**Directions for this task**
Please, without the pictures, restate every entry exactly.
>>>>
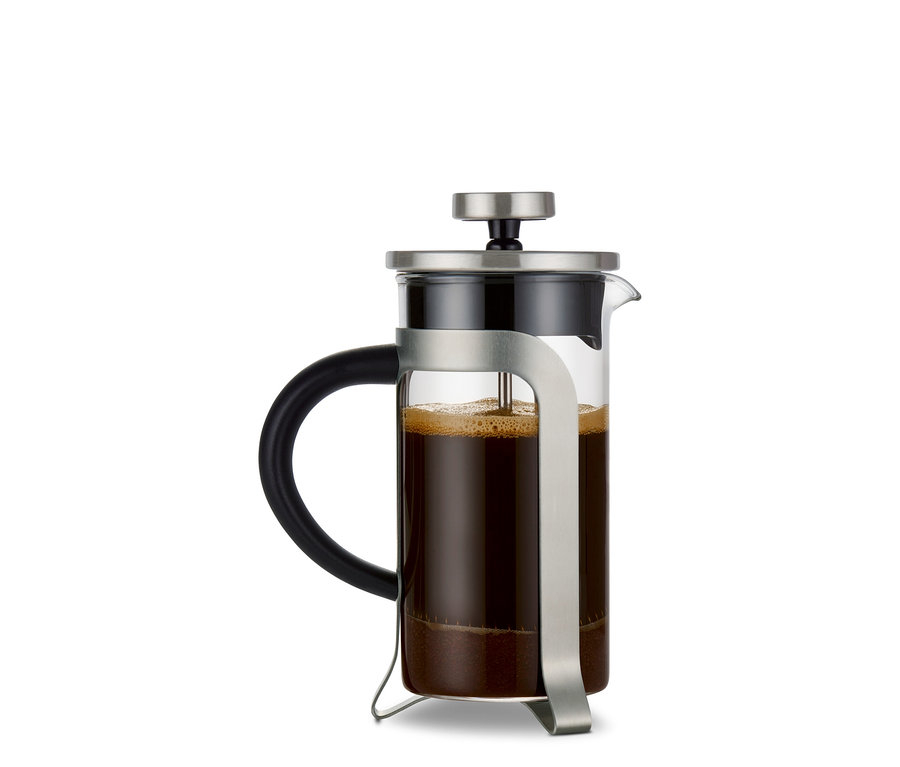 Stříbrná konvička french press 300 ml s 2 šálky.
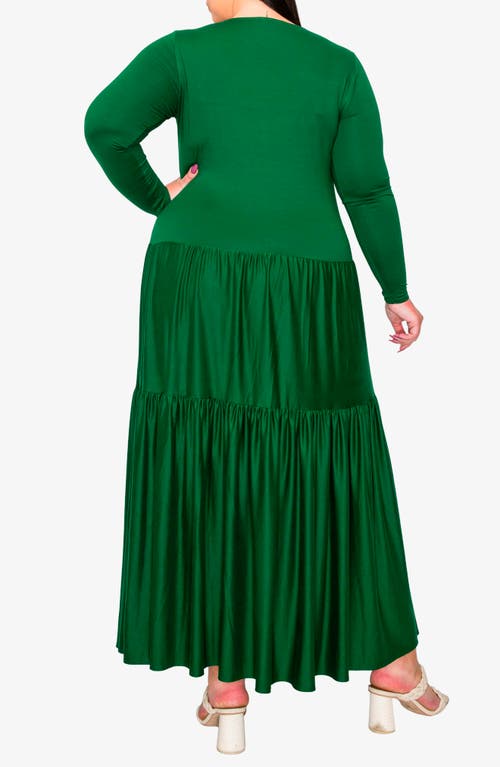 L I V D Long Sleeve Maxi Dress In Green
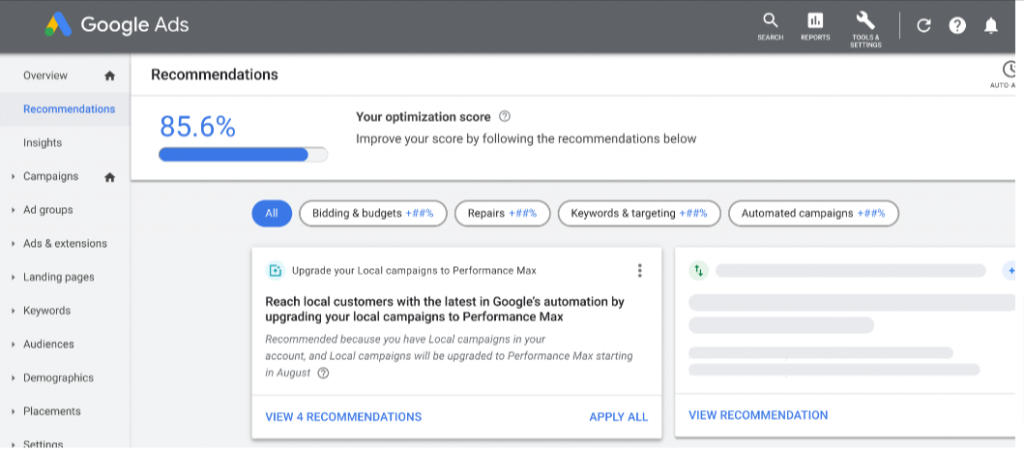 Upgrade local campaigns to performance max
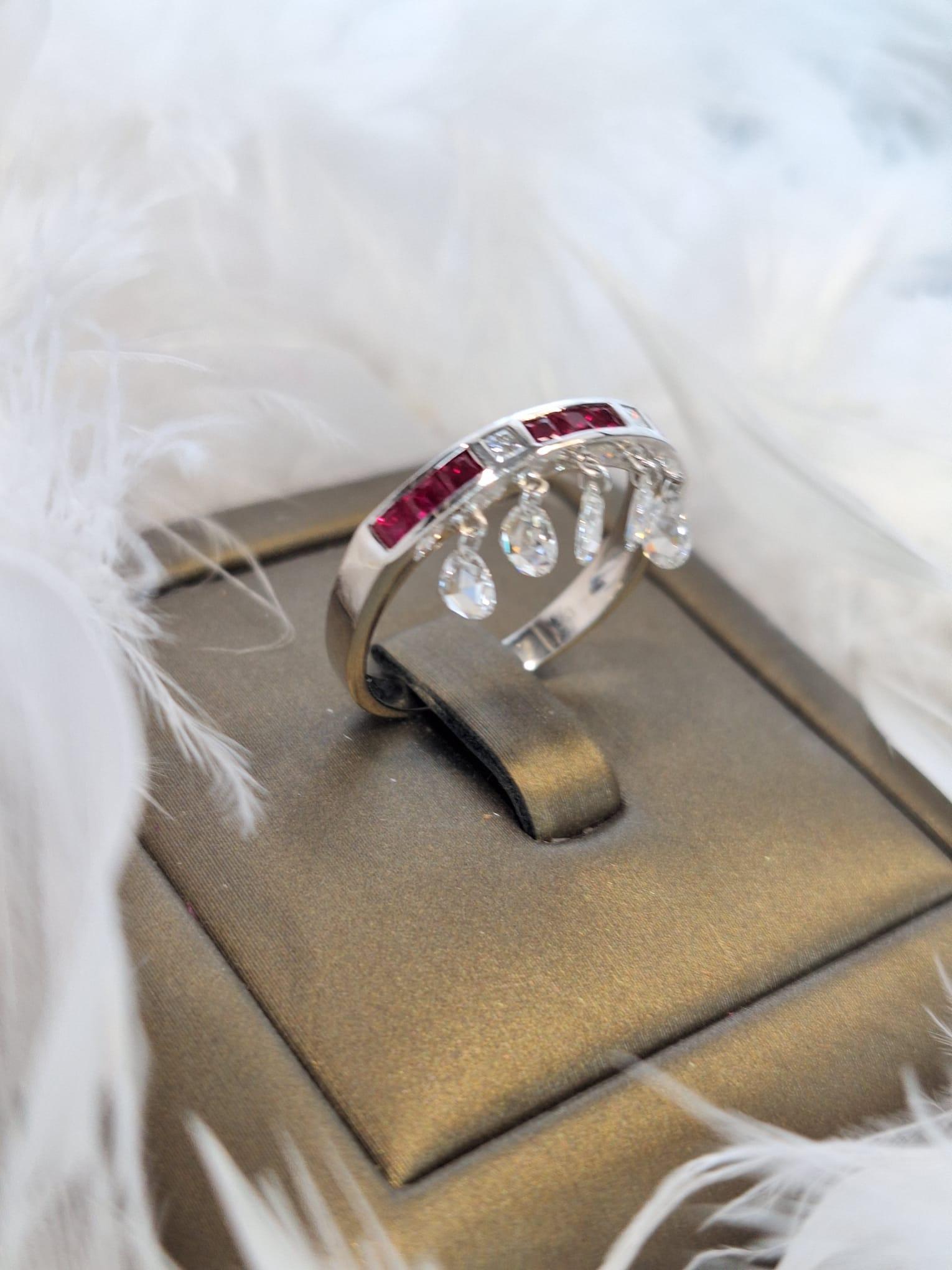 18K White Gold Diamond Ring with Ruby For Sale 1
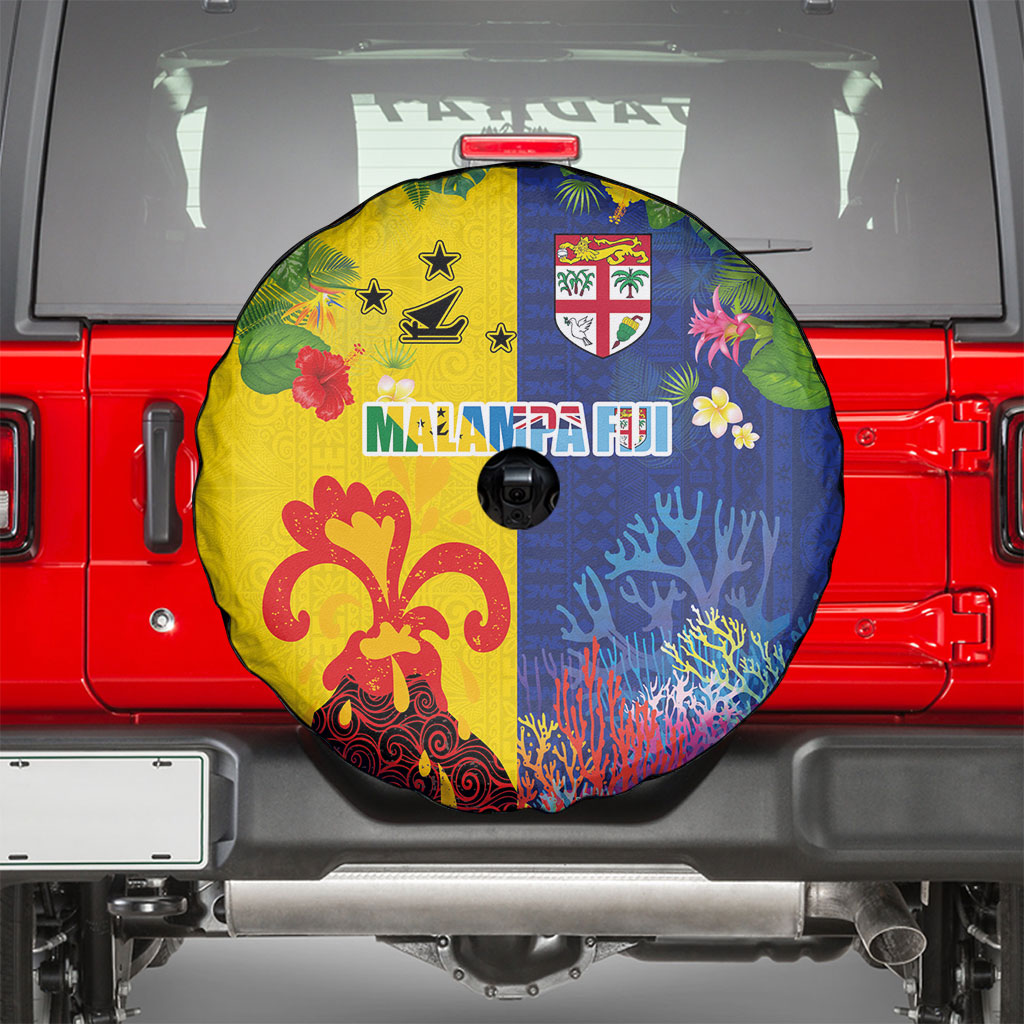 Malampa Fiji Day Spare Tire Cover Volcano and Coral Reef with Culture Patterns Split Style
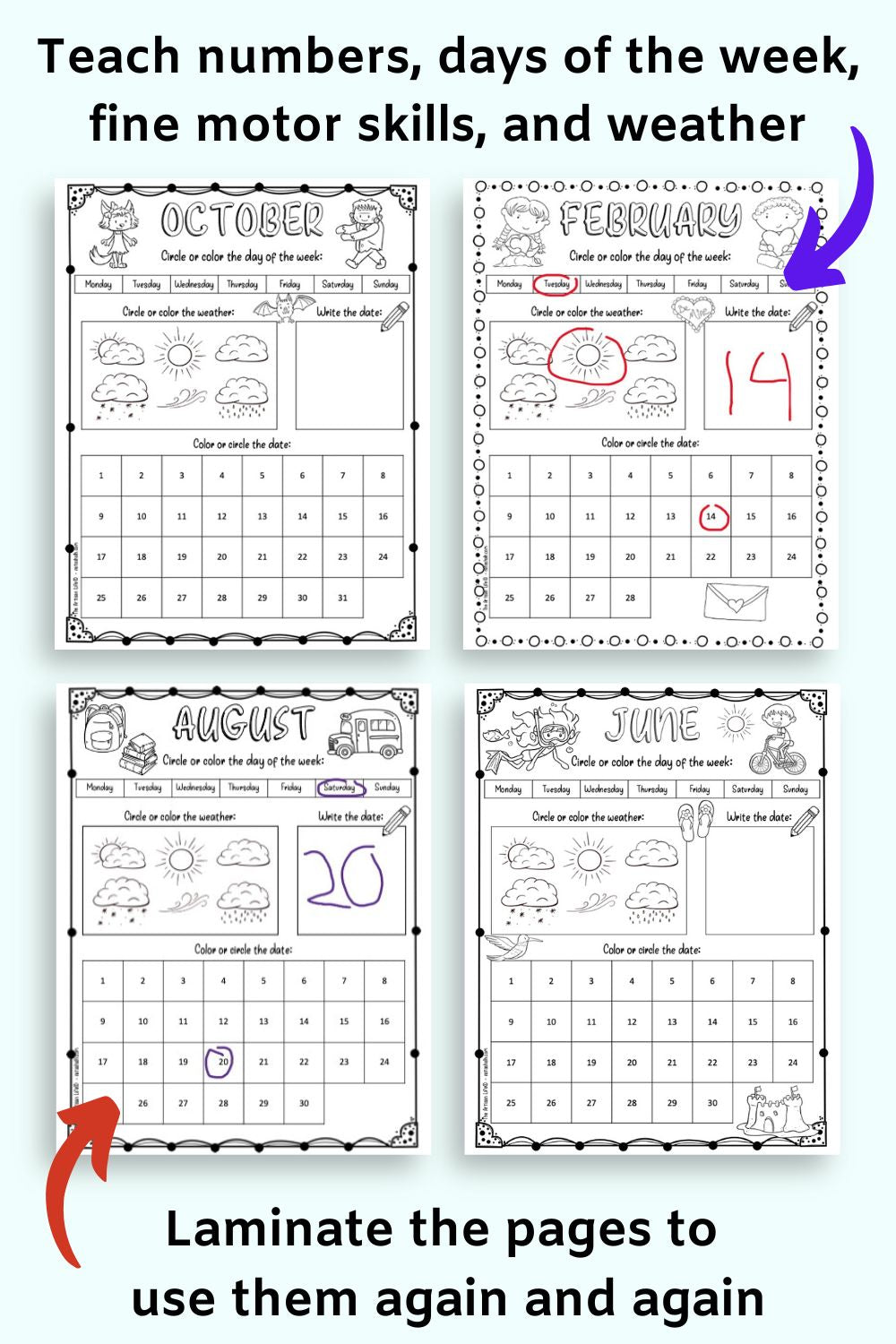 A previews of four page calendar worksheet printable for kids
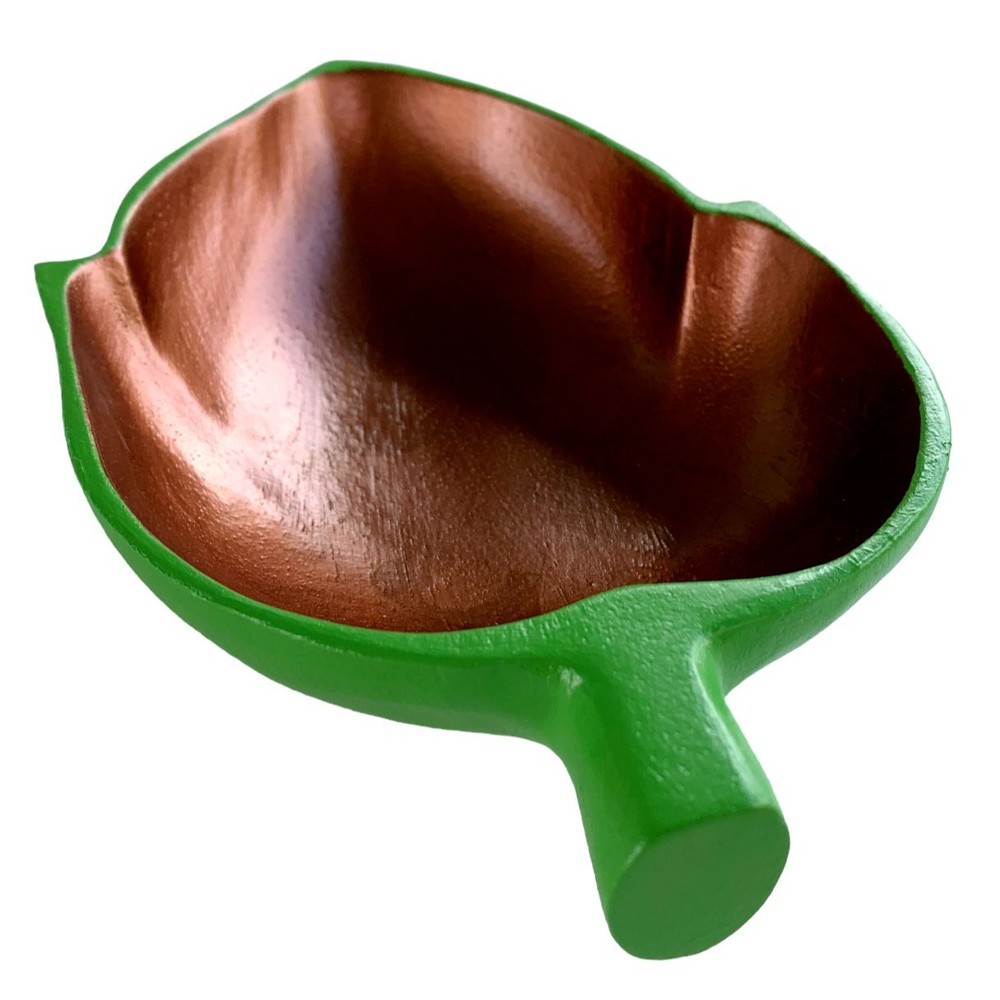 Wood Bowl Leaf Shaped TropicalBoho Green Metallic Copper Hand Painted Upcycled
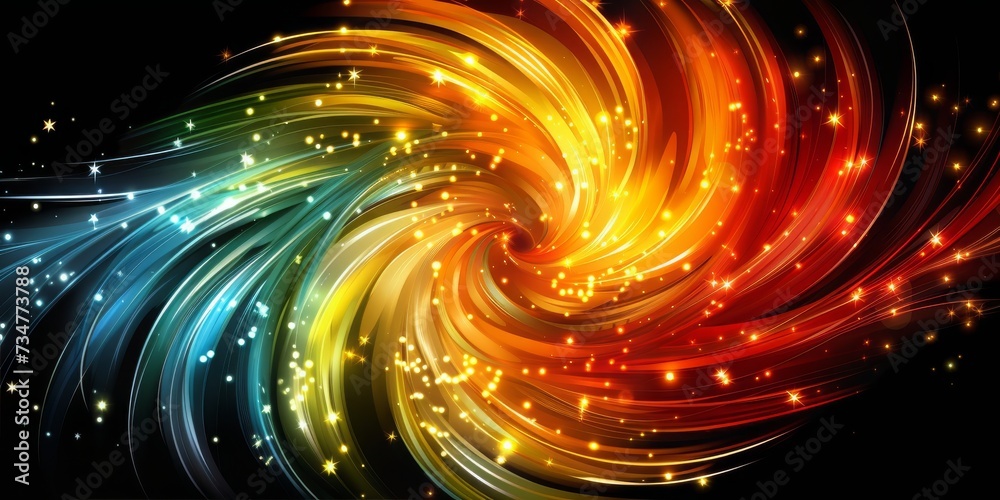 Leinwandbilder A Vibrant Swirl of Neon Colors and Sparkling Stars Creating a Dynamic Abstract Cosmic Dance, Generative AI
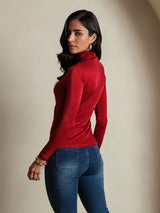 [Wine] SilkSilky  Long Sleeve Turtle Neck Women's T-Shirt 002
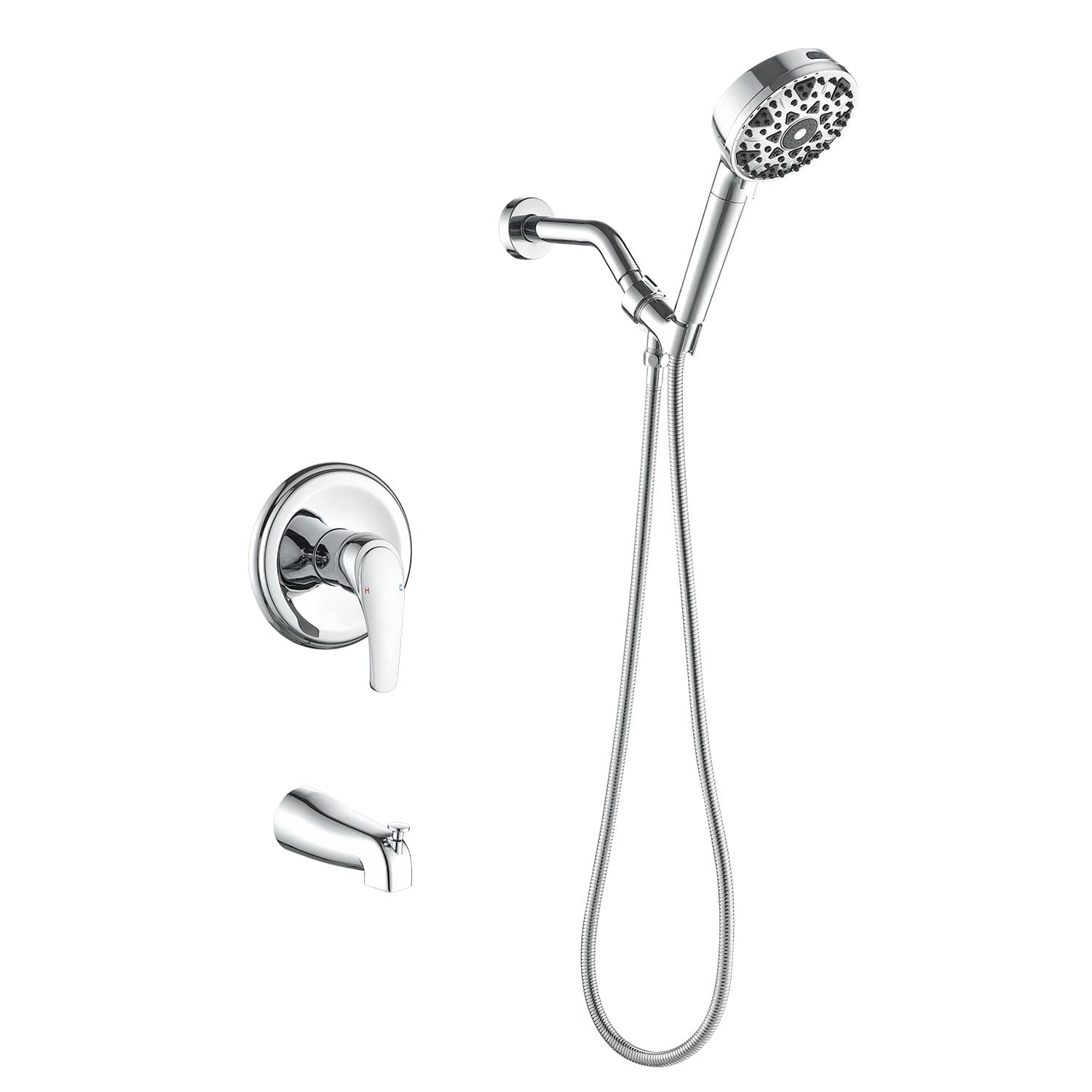 Boyel Living - Shower Set with cUPC Pressure Balance Valve 7 Function Filter Handheld Shower and High Flow Tub Spout - Polished Chrome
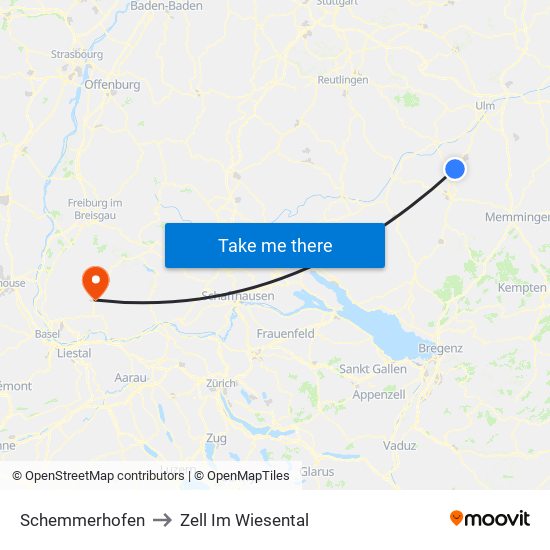 Schemmerhofen to Zell Im Wiesental map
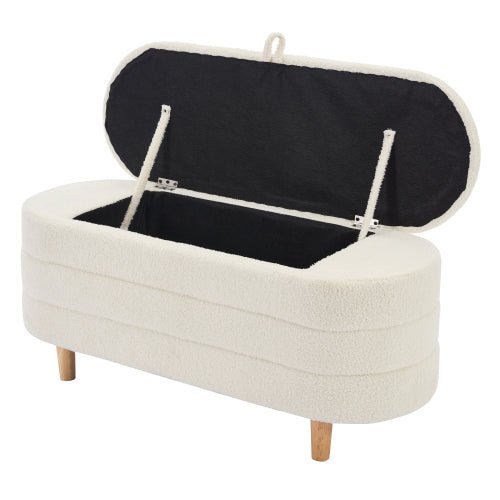 Bellemave® Elegant Upholstered Sherpa Fabric Storage Ottoman with Wood Legs - Bellemave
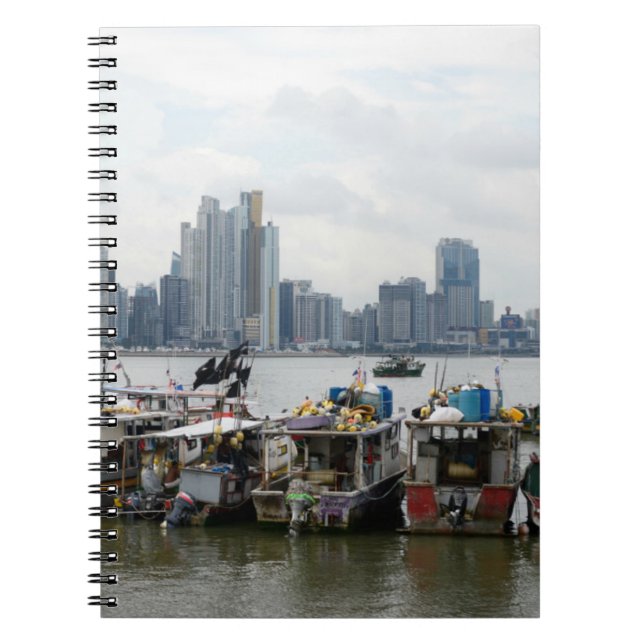 Carnet Horizon de Panamá City avec des bateaux de pêche (Devant)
<<<<
**Answer to this problem**
 Stříbrná konvička french press 300 ml s 2 šálky.
 L I V D Long Sleeve Maxi Dress In Green
 Upgrade local campaigns to performance max
 18K White Gold Diamond Ring with Ruby For Sale 1
 Malampa Fiji Day Spare Tire Cover Volcano and Coral Reef with Culture Patterns Split Style
 A previews of four page calendar worksheet printable for kids
 Wood Bowl Leaf Shaped TropicalBoho Green Metallic Copper Hand Painted Upcycled
 Leinwandbilder A Vibrant Swirl of Neon Colors and Sparkling Stars Creating a Dynamic Abstract Cosmic Dance, Generative AI
 [Wine] SilkSilky  Long Sleeve Turtle Neck Women's T-Shirt 002
 Boyel Living - Shower Set with cUPC Pressure Balance Valve 7 Function Filter Handheld Shower and High Flow Tub Spout - Polished Chrome
 Schemmerhofen to Zell Im Wiesental map
 Bellemave® Elegant Upholstered Sherpa Fabric Storage Ottoman with Wood Legs - Bellemave
 Carnet Horizon de Panamá City avec des bateaux de pêche (Devant)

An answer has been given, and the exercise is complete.